Shares of cloud-data software company Domo (ticker: DOMO) faced a significant setback on Friday as a result of lowered guidance and mounting competition. This led to an analyst downgrading the stock and caused a sharp decline in premarket trading.

Revised Guidance Disappoints Investors

While Domo reported a narrower-than-expected second-quarter adjusted loss, their third-quarter guidance fell short of analysts' forecasts. In addition, the company adjusted its revenue guidance for fiscal 2024, lowering it from a previous range of $323 million to $330 million to a new range of $316 million to $320 million. Furthermore, Domo now expects an adjusted loss between 39 cents and 47 cents per share, widening from the previous range.

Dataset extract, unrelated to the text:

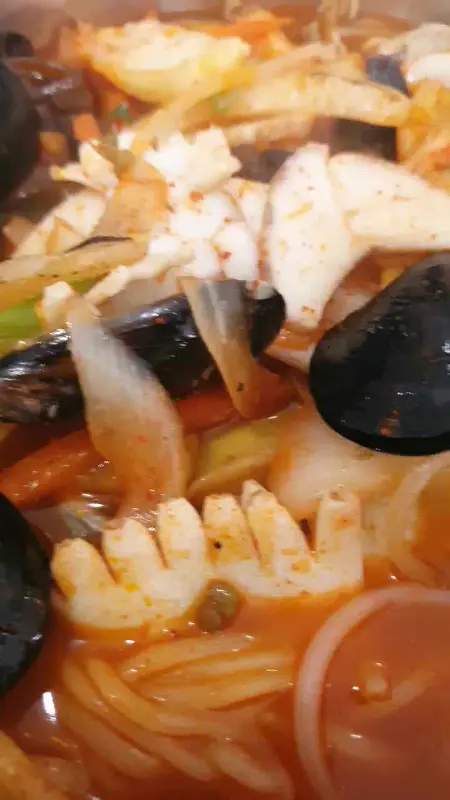 해산물이 듬뿍 들어간 짬뽕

Competitive Challenges and Vendor Consolidation

Citing the emergence of new competitive challenges, TD Cowen analysts downgraded Domo's stock rating from Outperform to Market Perform. They also reduced the price target from $20 to $14. The analysts attributed these changes to vendor consolidation and the company's tougher macro environment with increased budget scrutiny.

Domo's management revealed that some enterprise and potential customers are seeking to consolidate their separate business intelligence tools as a cost-cutting measure. The competition, believed to primarily refer to Microsoft (MSFT), is also causing concern as Domo expects a loss of clients from a group of large customers in the second half of the year.

Furthermore, management acknowledged that although they have been successfully building new sales teams and experiencing low attrition rates, productivity levels are not reaching historical levels. Analysts suspect that this decline in productivity might be linked to competition from Microsoft.

Overall, Domo faces multiple challenges ahead as it navigates heightened competition and adjusts its revenue projections. Investors will be closely monitoring the company's performance in the coming months.